Just sickening to think about it, and when we started our cleanup of the SBNWR, I let everyone know what had happened and why it was so important for us to get as much plastic out of the Refuge as possible. We dedicated the day’s efforts to that lonely, but NOT forgotten, American Whale.
We met up in Huntington Harbor at 10am, timing it with the low tide. Volunteers on this overcast day were: Pete Markel, Tre Markel, Kent Morris, Hannah Nelson, Linda Nicholes, Mark Ryan, and Silke Turner.
Even though we had cleaned this site a few weeks ago, the rains delivered lots and lots of different debris. Ninety percent of it – plastics. Also removed were bottles, caps, Styrofoam, bags, gloves, protective masks, and scads of unidentifiable stuff.
Bird beauty abounds
While we all had our hearts and minds on the task at hand, occasionally I'd take a look around to see if any unique birds were within sight. Sure enough, I saw three red-breasted Mergansers. That was my first sighting on the year. They breed up in Canada and Alaska, then make their way south to get away from the freezing north winds.

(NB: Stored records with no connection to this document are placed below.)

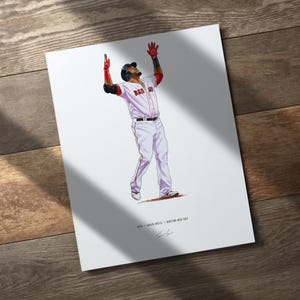 May include: Illustration of a baseball player in a white uniform with red accents, arms raised in celebration. The player wears a black helmet and has tattoos on his arms. The text "RED SOX" is visible on the jersey. The artwork is on a white background.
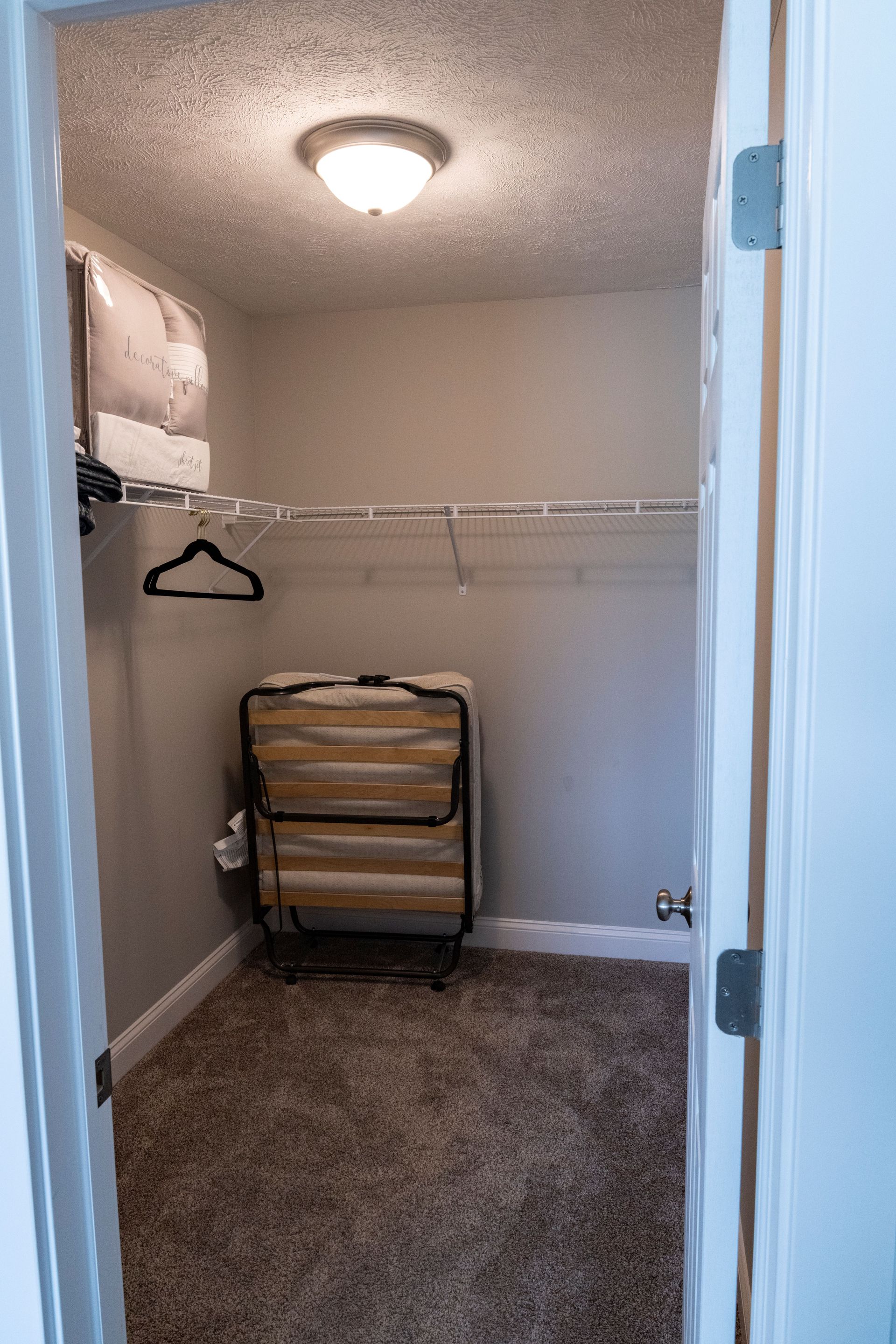 There is a folding bed in the closet.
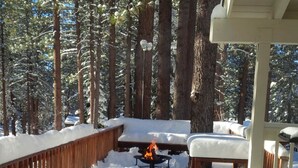Ein mit Schnee bedeckter Deck mit Feuerstelle, umgeben von hohen Bäumen.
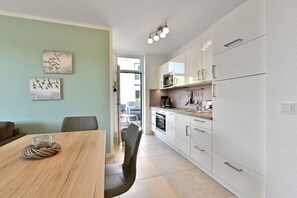 Una cucina moderna con mobili bianchi, un tavolo da pranzo in legno e due opere d'arte appese al muro.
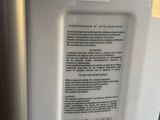 a white refrigerator with a yellow sticker on it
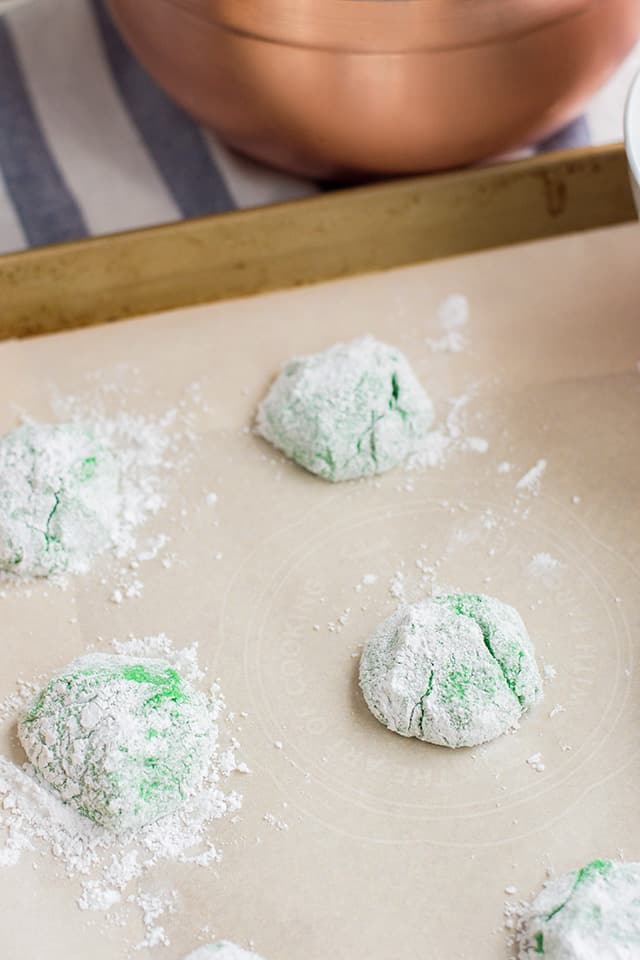 Cake Mix Crinkle Cookie dough on a parchment paper lined baking sheet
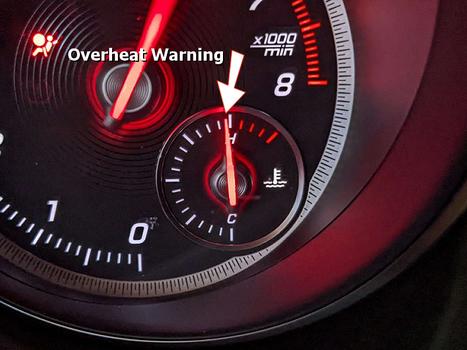 engine overheating warning light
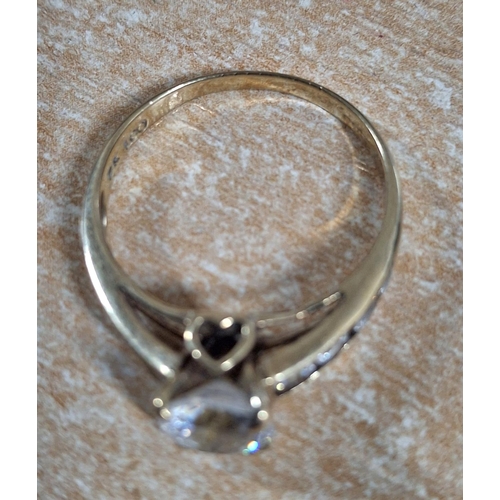 40 - 9ct yellow gold ring with a large CZ and smaller stones to both shoulders, 

3 grams gross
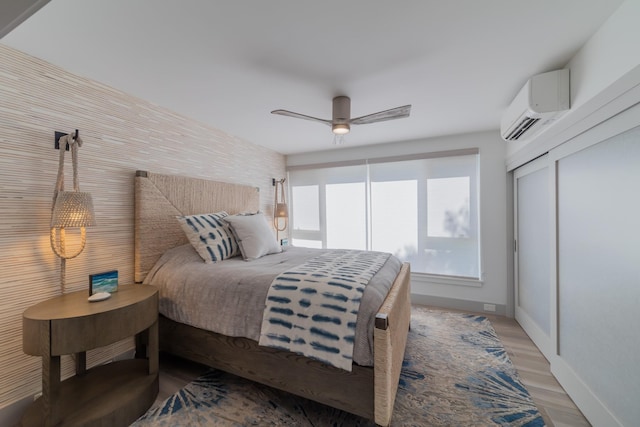 3200 Wailea Alanui Dr Unit 1606, Kihei, HI 96753 - bedroom with a wall mounted AC, ceiling fan, and light wood-style floors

Then I spotted another seasonal visitor, a pair of buffleheads, with four chicks following close behind. Ducks don't get much cuter than these smallish birds. The adults are only 12-15 inches long, but they have clutches between 4 to 17 chicks.
Lastly, up on a telephone wire I saw a huge red-tailed hawk scoping out the scene, no doubt sizing up its next meal, although he looked pretty full to me.
Cleaning the wildlife’s home
We removed all the large items in about two hours, and then started in on the small stuff only to realize that there was no way to get the tiny particles out of the high tide line without spending weeks doing it. So, we packed all the debris in our garbage bags and called it a day.
Thanks Pete, Tre, Kent, Hannah, Linda, Mark, and Silke for giving up your Sunday to make the waters safer for our ocean friends. While we humans can just go home, turn on the telly, and block out the real world, they can’t escape the onslaught of plastics on their watery homes.